[Excerpts from a dataset]

--*--

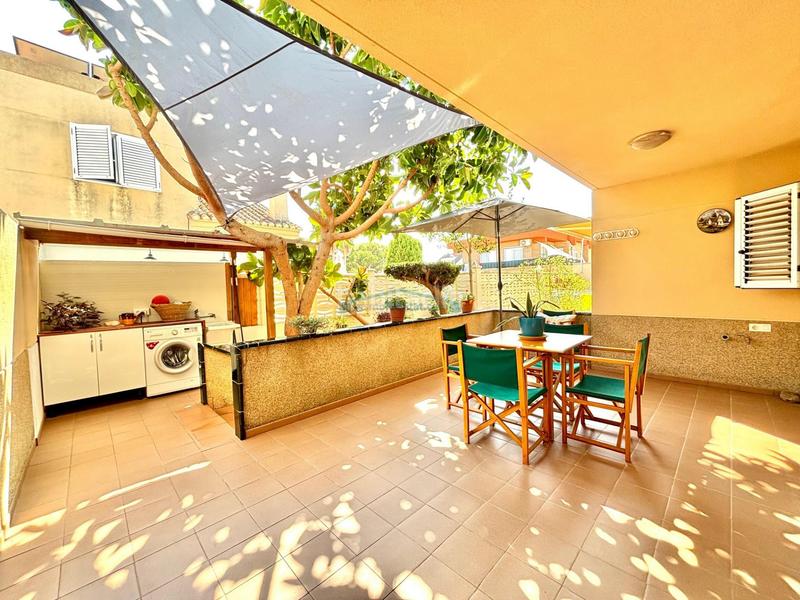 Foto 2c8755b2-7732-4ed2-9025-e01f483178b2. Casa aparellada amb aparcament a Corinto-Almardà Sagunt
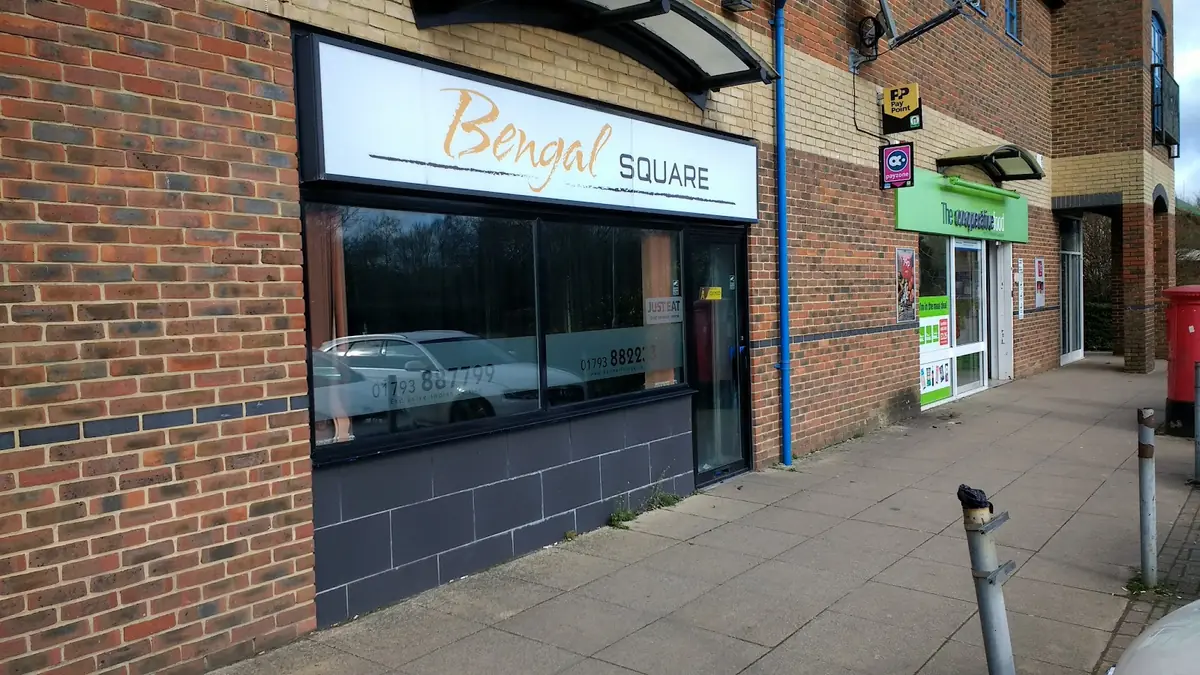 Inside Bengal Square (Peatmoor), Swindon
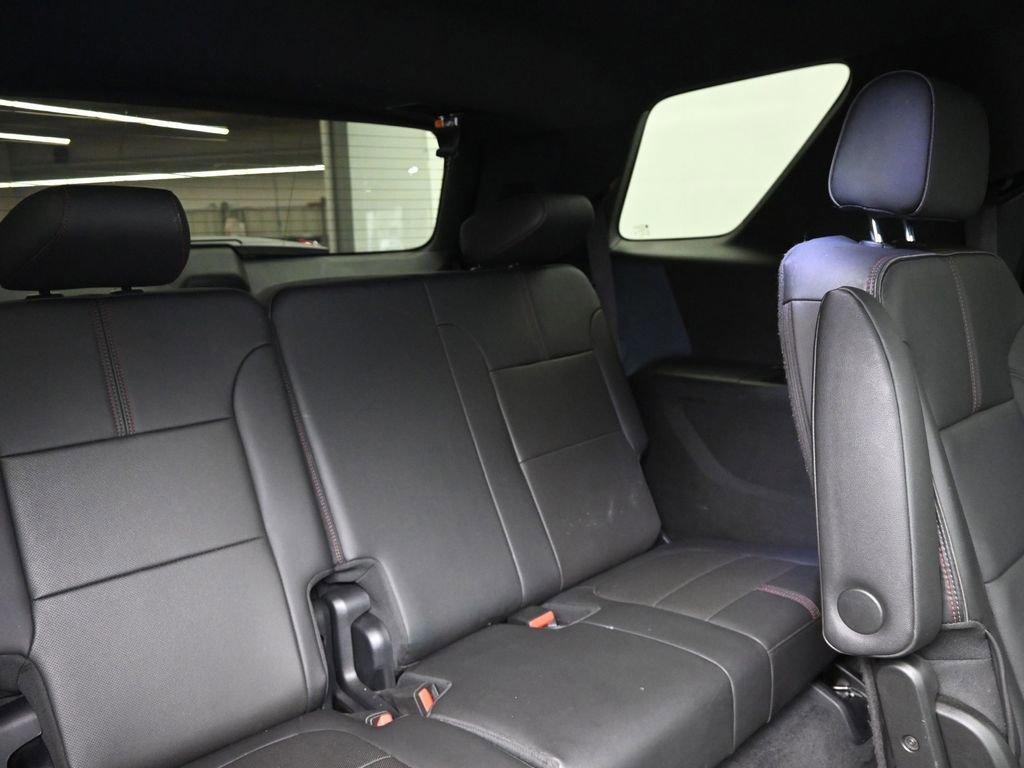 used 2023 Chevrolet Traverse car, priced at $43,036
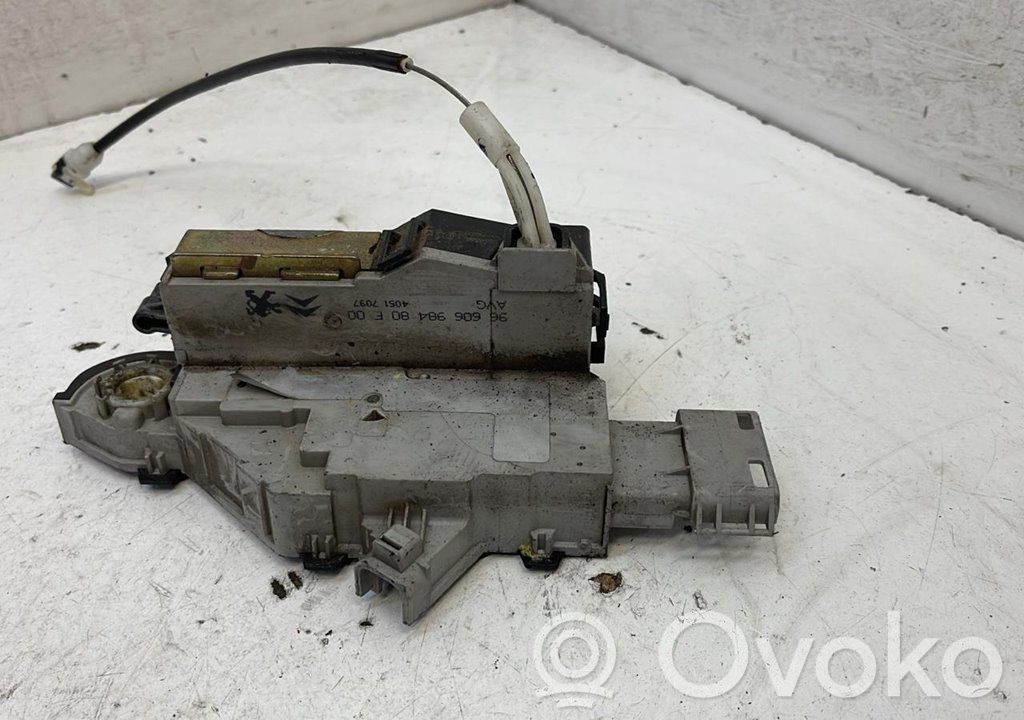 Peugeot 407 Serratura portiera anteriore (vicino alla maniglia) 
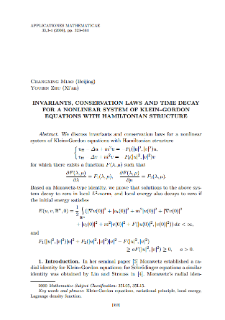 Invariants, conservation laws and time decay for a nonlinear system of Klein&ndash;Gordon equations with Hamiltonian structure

--*--

Exercise prompt :: Repeat, word for word, each of the records, omitting any image they hold.

Response box ::
 Foto 2c8755b2-7732-4ed2-9025-e01f483178b2. Casa aparellada amb aparcament a Corinto-Almardà Sagunt
 Inside Bengal Square (Peatmoor), Swindon
 used 2023 Chevrolet Traverse car, priced at $43,036
 Peugeot 407 Serratura portiera anteriore (vicino alla maniglia) 
 Invariants, conservation laws and time decay for a nonlinear system of Klein&ndash;Gordon equations with Hamiltonian structure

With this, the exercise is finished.